Figure 1: Changes in study endpoints relative to baseline after 12 and 24 weeks of EGCG treatment
Compared to baseline values, the 15 patients who received EGCG treatment had significantly reduced waist circumference and waist-to-hip ratio. Similarly, the total cholesterol levels of these participants also dropped significantly after 24 weeks. To assess the changes in DPP4 levels and determine whether EGCG could inhibit DPP4, the researchers quantified serum DPP4 levels. They found that, compared to the healthy group, NAFLD patients had significantly elevated DPP4 levels, and EGCG treatment reduced these DPP4 levels, with the most pronounced effect seen after 24 weeks of intervention.

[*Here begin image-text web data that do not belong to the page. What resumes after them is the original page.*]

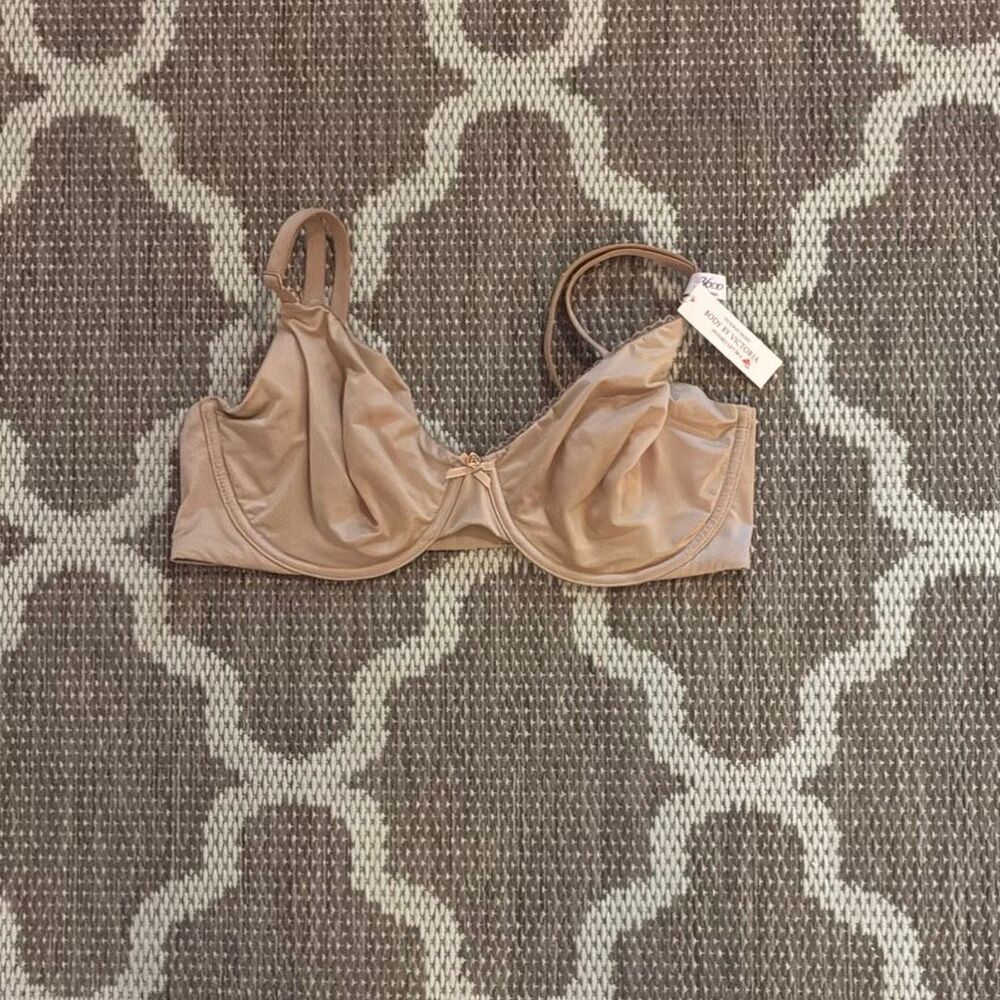 Victoria secret  body by Victoria Unlined Demi bra size 36DD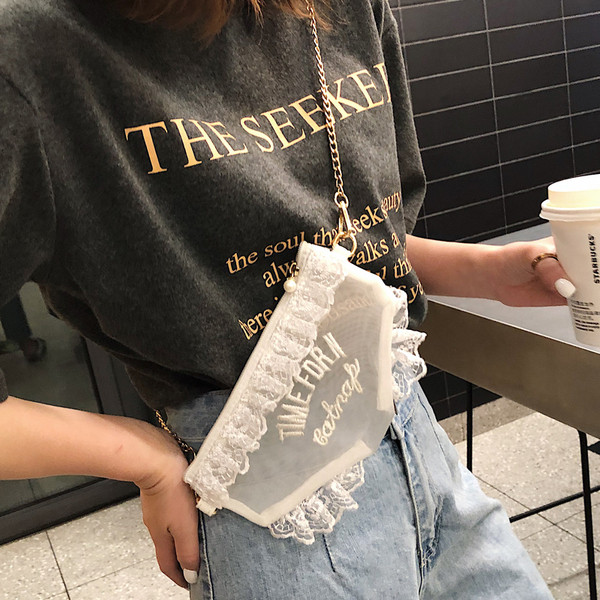 Modern női táska 3D elemekkel és hímzéssel három színben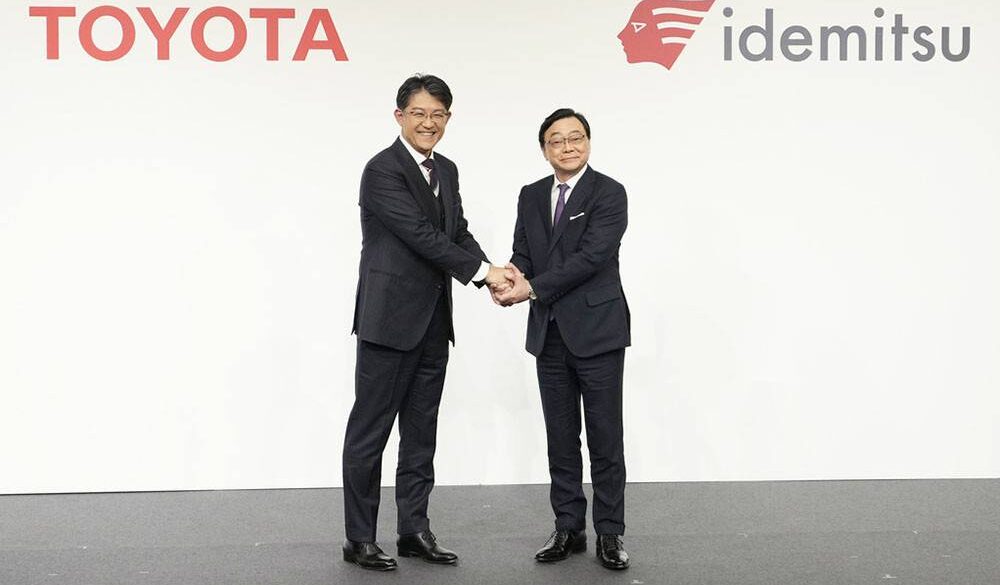 Toyota And Idemitsu Collaborate On Electric Vehicle Battery Technology In Japan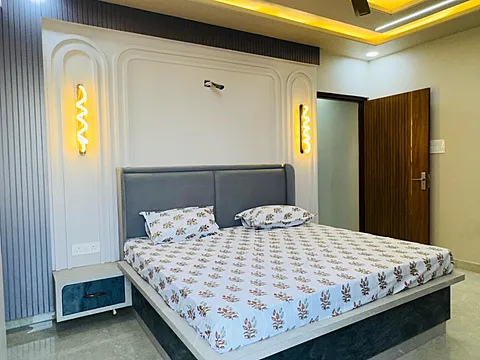 Fully Specious 4BHK Corner Flat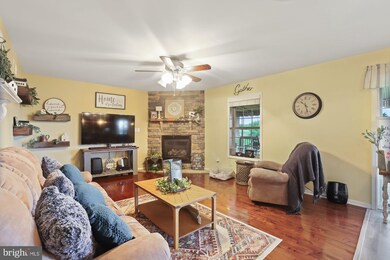 1443 Hunters Chase, Chambersburg, PA 17202 - photo 3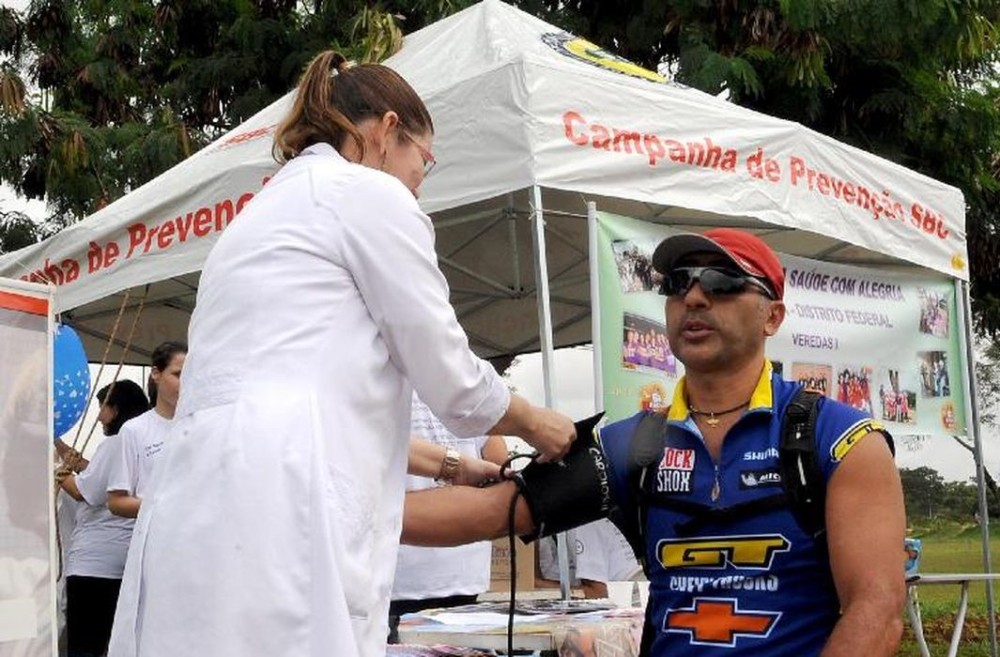 Pesquisa de polipílula para prevenção do AVC busca 8,5 mil voluntários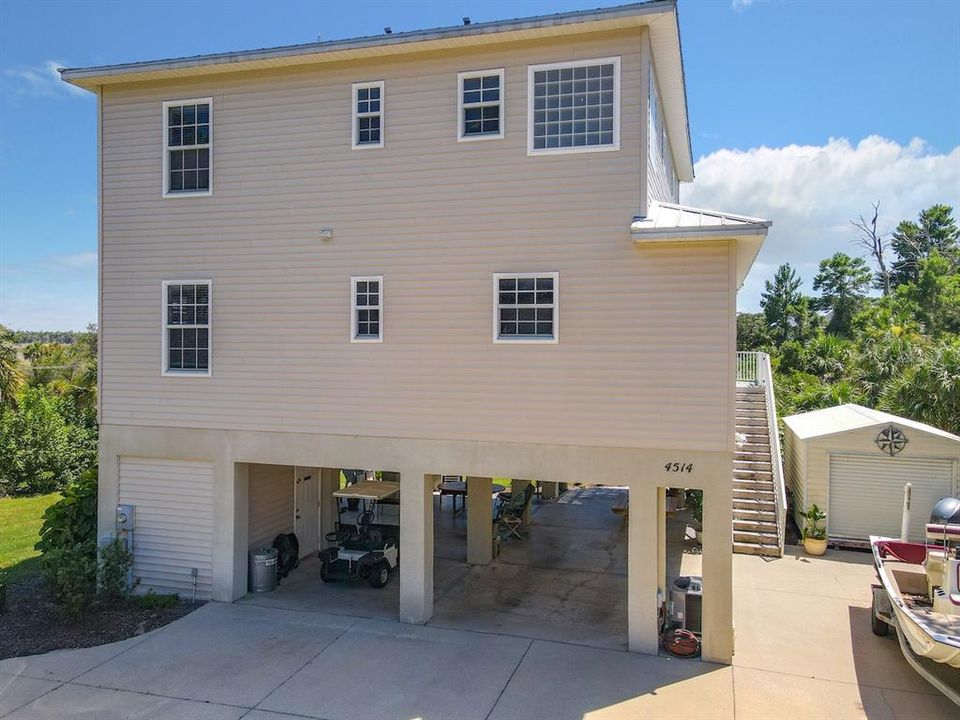 Под контрактом: $550,000 (3 спален, 3 ванн, 1948 Квадратных фут)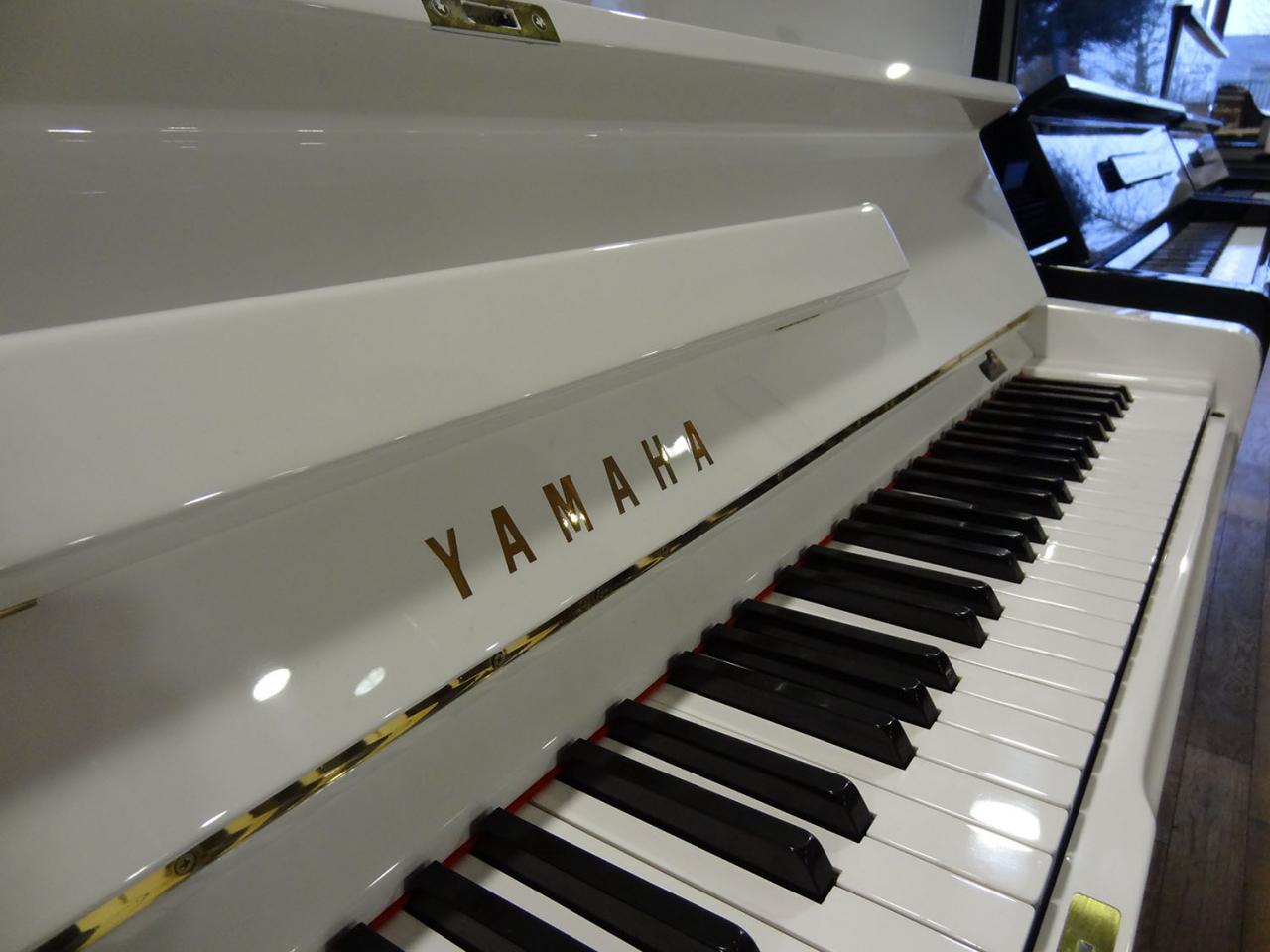 YAMAHA U1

In animal experiments, mice fed a high-fat diet (HFD) and treated with EGCG showed lower liver-to-body weight ratios (LW/BW) and reductions in serum triglycerides (TG), low-density lipoprotein cholesterol (LDL-C), and inflammatory factor IL-6 levels, along with a tendency for increased high-density lipoprotein cholesterol (HDL-C) levels. Further analysis revealed that EGCG helped correct metabolic disorders induced by a high-fat diet, including downregulating the expression of lipid synthesis-related gene Fasn and upregulating the expression of lipid oxidation-related genes, thereby improving liver lipid metabolism.
Figure 2: EGCG improves liver weight and metabolic disorders in HFD-induced mice
Next, the researchers examined the effects of EGCG on liver health and fat accumulation in mice fed a high-fat diet (HFD). The results were encouraging: mice treated with EGCG showed a significant reduction in liver steatosis, inflammation, and liver swelling. This suggests that EGCG can help protect the liver from damage caused by a high-fat diet.
More specifically, compared to mice that only consumed a high-fat diet, those that also received EGCG had significantly lower triglyceride (TG) fat content, indicating a reduction in harmful liver fat accumulation. Additionally, the liver function of the EGCG-treated mice improved, as evidenced by decreased serum levels of alanine aminotransferase (ALT) and aspartate aminotransferase (AST), two enzymes typically released into the bloodstream when the liver is damaged. Their decreased levels suggest that the liver was better protected and less damaged.
Figure 3: EGCG can alleviate liver damage caused by a high-fat diet and reduce hepatic lipid accumulation
Finally, to verify the specific mechanism by which EGCG affects DPP4, the researchers used the human liver cancer cell line HepG2 to establish an NAFLD model. They found that EGCG could indeed reduce intracellular lipid accumulation by inhibiting the expression and enzyme activity of DPP4, thereby improving lipid metabolism. Molecular docking analysis confirmed that EGCG could directly bind to and inhibit DPP4, offering a potential target for the development of new therapeutic strategies.
Figure 4: EGCG can improve lipid accumulation and lipid metabolism in cells by inhibiting the expression and activity of DPP4
In conclusion, this study not only demonstrated the significant potential of EGCG, a naturally occurring compound, in the prevention and treatment of NAFLD but also provided valuable insights into its underlying molecular mechanisms. EGCG is safe and well-tolerated, with no significant side effects, making it a promising adjunctive treatment option. With further research and validation, we may soon witness a simple cup of green tea becoming a secret weapon for protecting health, offering new hope for patients with NAFLD!